Juan continuava encolhido junto da chaminé, enquanto o ranger, implacável, prosseguia na sua acusação:
- Uma vez consumado o crime, era preciso fazer recair as suspeitas sobre os Mortimer, e Juan abandonou intencionalmente a Winchester, apressando-se em seguida a
juntar os carneiros, para aguardar os acontecimentos. Ele bem sabia quais seriam as consequências do seu cobarde crime...
- Abominável tratante! - rugiu, colérico, o tio Teodoro, ameaçando o índio com as muletas - E eu que nada percebi!
Mas Catamount prosseguiu ainda:
.- O resto é já conhecido de todos. Quis o acaso que eu me encontrasse no próprio local do crime e que assistisse ao último suspiro do infeliz homem.
Gregório Canova, numa derradeira manifestação de lucidez, pensou inevitavelmente que tombava vítima dos seus irreconciliáveis vizinhos. Pronunciou o nome de Mortimer,
afirmando logo a seguir que lhe perdoava.
Fez-se um breve silêncio. Gus Topson não podia esconder a admiração que lhe causava a argúcia do ranger. Quanto a Hal, sentia-se aliviado dum grande peso. Até aqui
as aparências haviam-no levado a acreditar na culpa de Winston, e o seu olhar cheio de esperança pousou então em Sylvia, que continuava imóvel e de olhos vermelhos
cheios de lágrimas.
Winston sentia-se profundamente desconcertado com a atitude do ranger, que, depois de haver sustentado contra ele uma luta tão encarniçada, o ilibava claramente
do crime de que era acusado.
Catamount, então, voltando-se para ele e para o tio Teodoro, que se mostrava também deveras embaraçado, disse:
- Acreditem que o ódio é mau conselheiro, e os acontecimentos acabam de o demonstrar claramente! Por toda a parte onde impera, arrasta consigo a inquietação, a desordem
e a mentira. Incita igualmente ao crime, e Juan não teria com certeza pensado nesta vingança se houvesse sido aqui tratado com a mais elementar caridade,
- Tem razão! - concordou Kate - Muitas vezes lhes disse que a vendetta só trazia a desgraça a toda a família! Mas nunca me deram ouvidos!

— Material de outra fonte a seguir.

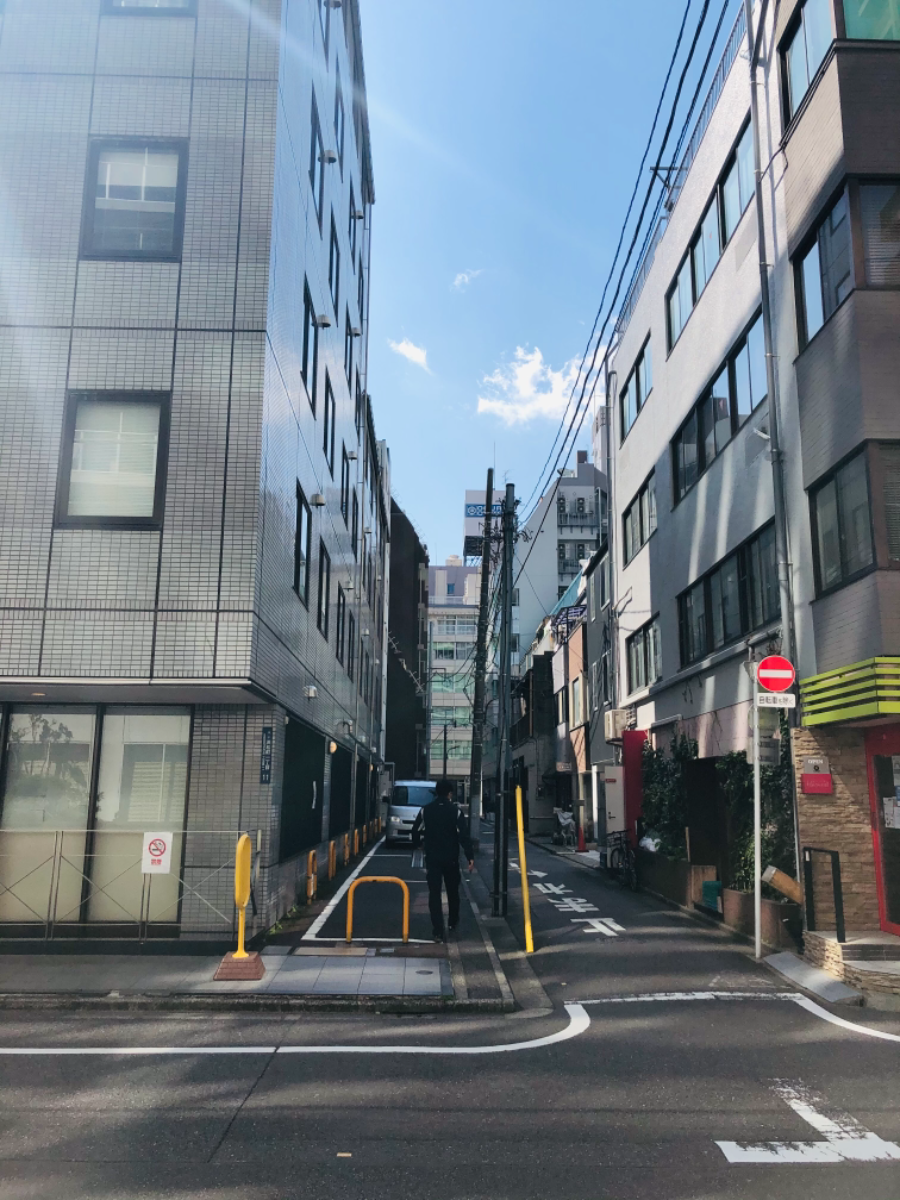 fresh/building/J00100379493_13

- Julgo que fariam bem em atender o desejo do morto - arrematou Catamount-Os seus agravos eram tão grandes como os vossos, mas, no limiar da eternidade, ele ouviu
a voz do perdão!
Gus Topson voltou-se para o índio, que escondia o rosto com o braço ligado, e disse-lhe:
- Todo o crime tem castigo, Juan! Prendo-te, em nome da lei!

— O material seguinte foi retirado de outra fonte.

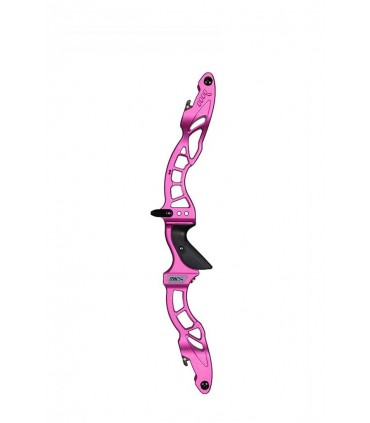 Poignée MK S 25''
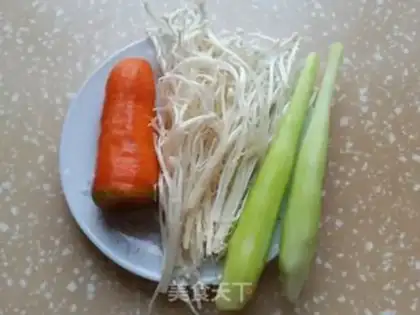 Make Sodium trim step 0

O sheriff fez um sinal a Philipini, que se aproximou para prender o culpado. Este, porém, levantou-se bruscamente, e, antes que o pudessem deter, puxou por uma faca
que trazia escondida na ligadura e correu para Winston na intenção de o ferir.
Produziu-se então uma desordem súbita no meio de exclamações de surpresa. Winston saltara por sua vez para o lado e a lâmina do agressor não o atingira. Porém, Sylvia,
que, ao ver o gesto assassino do Navajo, correra para ele, tentando repeli-lo, foi apanhada pela arma, que a feriu. Sunter e Catamount apressaram-se a dominar o
energúmeno. Juan debatia-se com fúria, mas não tardou a ficar reduzido à impotência.

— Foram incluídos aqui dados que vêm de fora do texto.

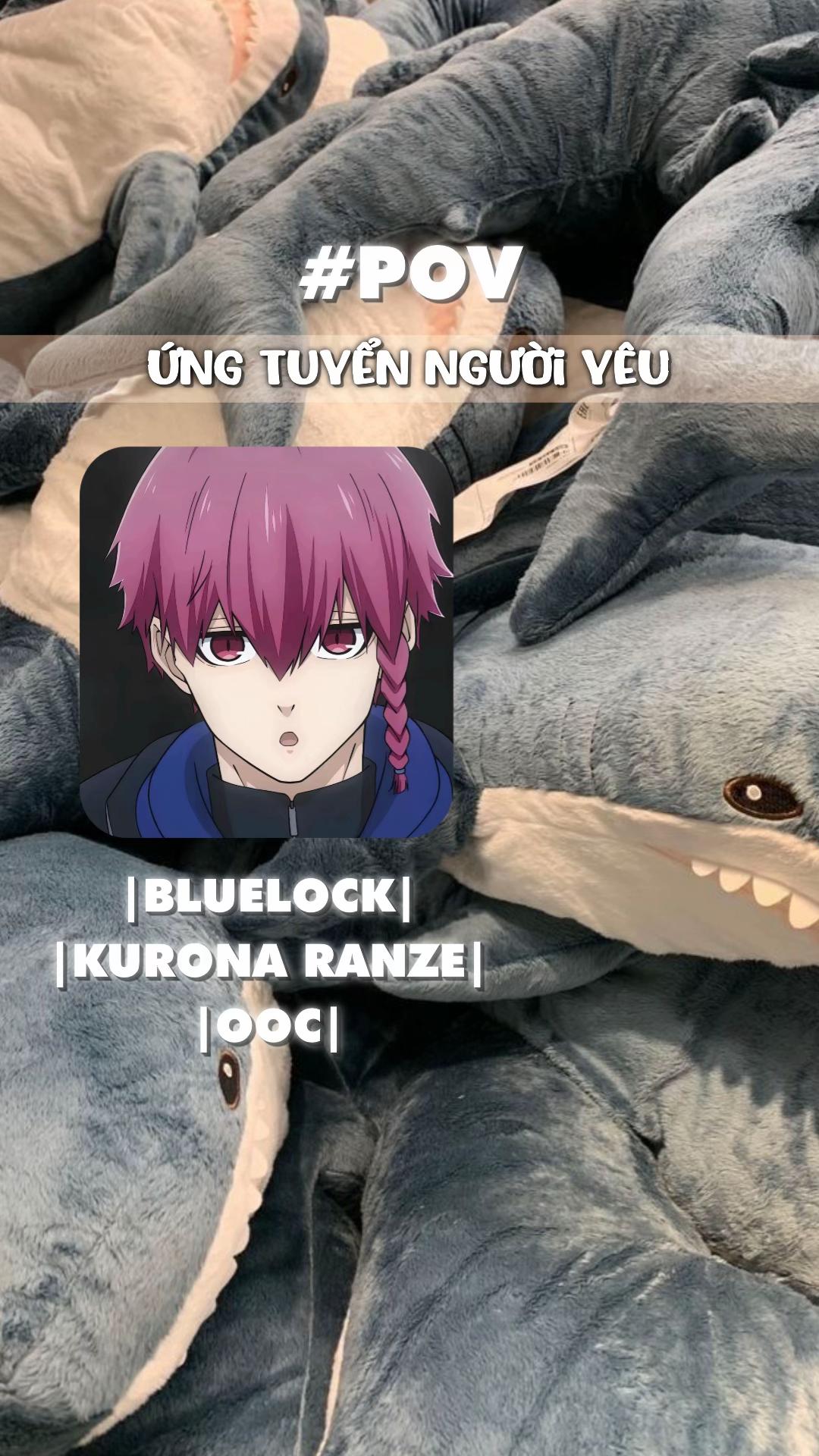 @𝐕𝐞𝐧𝐞𝐬𝐬𝐚ᡣ𐭩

Hal, aflito, correu para a rapariga, exclamando:
- Meu Deus! Ele matou-te!
- Não foi nada! - respondeu logo Sylvia.
A lâmina atingiu o ombro direito da infeliz, que sangrava abundantemente, mas o ranger, num rápido exame, verificou que o ferimento não era grave, e sossegou o mais
novo dos Mortimer.
- A faca foi contra o osso. - assegurou o homem dos olhos claros - A ferida é superficial e, portanto, sem importância.
Enquanto os auxiliares conduziam Juan, fortemente escoltado, Hal e Winston aproximaram-se mais da rapariga.
O tio Teodoro parecia mergulhado em profundo
assombro. Kate, aterrorizada, aparecia com uma bacia cheia de água quente.
- Deixe-me tratar de tudo - interveio Catamount. Em pouco tempo, o ranger lavou cuidadosamente
a ferida. Sylvia parecia agora calma, e teve um sorriso furtivo.
- Dói-lhe muito? - perguntou-lhe o ranger.
- Nem por isso...
Estava pálida, mas a conclusão do drama fazia que ela esquecesse o sofrimento. Daí em diante, Hal não teria já de recear os rigores da lei, e a inocência dos Mortimer
no assassínio de Gregório Canova autorizava-o a encarar o futuro com confiança.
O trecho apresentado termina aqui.